Après avoir acquiescé à l’avalanche de recommandations de prudence, c’est à pied que Roger et Martine avaient traversé Paris jusqu’à la rive gauche. En deux heures, ils avaient parcouru d’autres quartiers, clopiné dans d’autres rues et découvert des univers plus chics. Les vitrines de magasins – rien à voir avec celle de l’épicier italien de notre quartier, ni du marchand de vin où on faisait remplir nos bouteilles vides avec un vin aigre – ils avaient croisé des femmes élégantes, des hommes à chapeau et pardessus de notaires et puis, de plus en plus nombreux, à mesure qu’on s’approchait du quartier des universités, des CRS en tenue. Sur le boulevard St Germain, tout paraissait si calme, en comparaison avec le cataclysme annoncé. Seuls témoignaient de cette agitation dont on parlait tant, les grilles d’arbres arrachées, quelques voitures abîmées. Martine disait ressentir une « tension » qui probablement n’était que l’effet d’une autosuggestion. Roger ne prêtait aucune attention à ces stigmates de guerre urbaine. Il se considérait touriste, déambulant dans une ville inconnue et exotique, les quartiers haussmanniens traversés par des rues dépavées, éventrées, comme des cicatrices sur un visage d’ange. Et comme des vigies bienveillantes, les tours de Notre Dame surplombant les quais et la Seine. Cette perception distanciée le rapprochait de Martine parce que tout l’étonnait et qu’il avait besoin de partager son étonnement. Ils entrèrent dans un café où des étudiants tout en parka et barbes fournies réorganisaient un nouveau monde. Contre quoi se révoltaient-ils, ces jeunes si dissemblables de ses potes de tous les jours? Roger décelait en eux une légèreté, une envie qui avait disparu chez nous. Et il en avait conçu la conviction – mieux, la révélation
– que son véritable univers à lui ne pouvait se trouver qu’en cet endroit précis, au centre de Paris avec ces chevelus utopiques et exaltés qui parlaient si bien et non à siroter des canettes bon marché dans un terrain vague avec Momo et les autres.

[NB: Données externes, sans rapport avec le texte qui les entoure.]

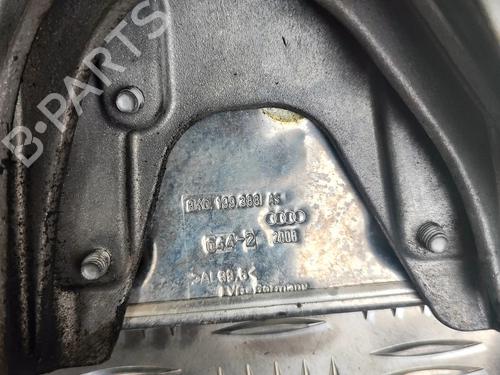Engine mount AUDI A4 B7 Avant (8ED) 2.0 TFSI | BP28564099M89  - Image 6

Au cours des semaines qui suivirent, on l’avait vu s’efforcer d’employer avec nous un vocabulaire emprunté à ces étudiants qu’il s’était mis à fréquenter. Car Martine et lui avaient été pour ainsi dire adoptés par ces émeutiers de la rive gauche qui avaient fait de ce couple improbable l’archétype du lumpenprolétariat, de l’exclusion et de la misère générée par « le système ». Où l’on voit que par nécessité de simplifier, chaque milieu façonne comme il peut ses propres caricatures. Notre Roger, devenu malgré lui une figure symbolique de l’exclusion venait moins souvent nous rejoindre derrière la gare. Il se donnait des airs d’intello, s’était mis à fumer une courte pipe et, entre deux bouffées d’Amsterdamer, nous expliquait la cause à défendre et les avenirs radieux dans son nouveau langage à base de « je n’en disconviens pas… » et de « toutes choses égales par ailleurs… ». Il nous parlait de liberté et du poids de la société. Nous, la liberté on ne la revendiquait pas vu qu’on l’avait déjà. Sans patrons, ni maitres, on attendait que ça se passe, sans contraintes et la Gauloise au bec. Même les plus futés d’entre nous n’avaient pas conscience que notre liberté était celle d’une bille de plomb au fond d’un bol. C’est la pesanteur de la vie qui nous avait figés là, immobiles et transis. Où aurions-nous puisé l’énergie nécessaire pour y échapper. Roger avait bénéficié de la force de deux femmes.
Roger et sa mère avaient profité de l’été pour déménager. Par Martine, nous avons su qu’ils étaient partis vivre dans un bled paumé du côté de Guéret, dans la Creuse. Quelques années plus tard, Momo, qui, de boîtes d’intérim en CDD, avait fait son chemin comme électricien – contrairement aux prédictions de M. Ziegler, notre prof de techno, il avait enfin appris, sur le motif, à faire des épissures correctes – nous a appris que sa sœur avait rejoint Roger dans sa campagne et qu’ils s’étaient mariés. Notre Roger à nous, qui tenait si mal la chopine, avait dû terriblement enrichir sa dialectique et son vocabulaire politique car il était devenu assez vite conseiller municipal, puis maire de sa commune. Avec l’aide de Martine, il avait monté une affaire prospère d’installation de vérandas. Elle tenait la comptabilité. Le traîne-savates s’était métamorphosé en notable.
Au cours du mois de mai 1968, en passant de la rue de Ménilmontant au quartier latin, Roger avait eu droit à son effet tunnel.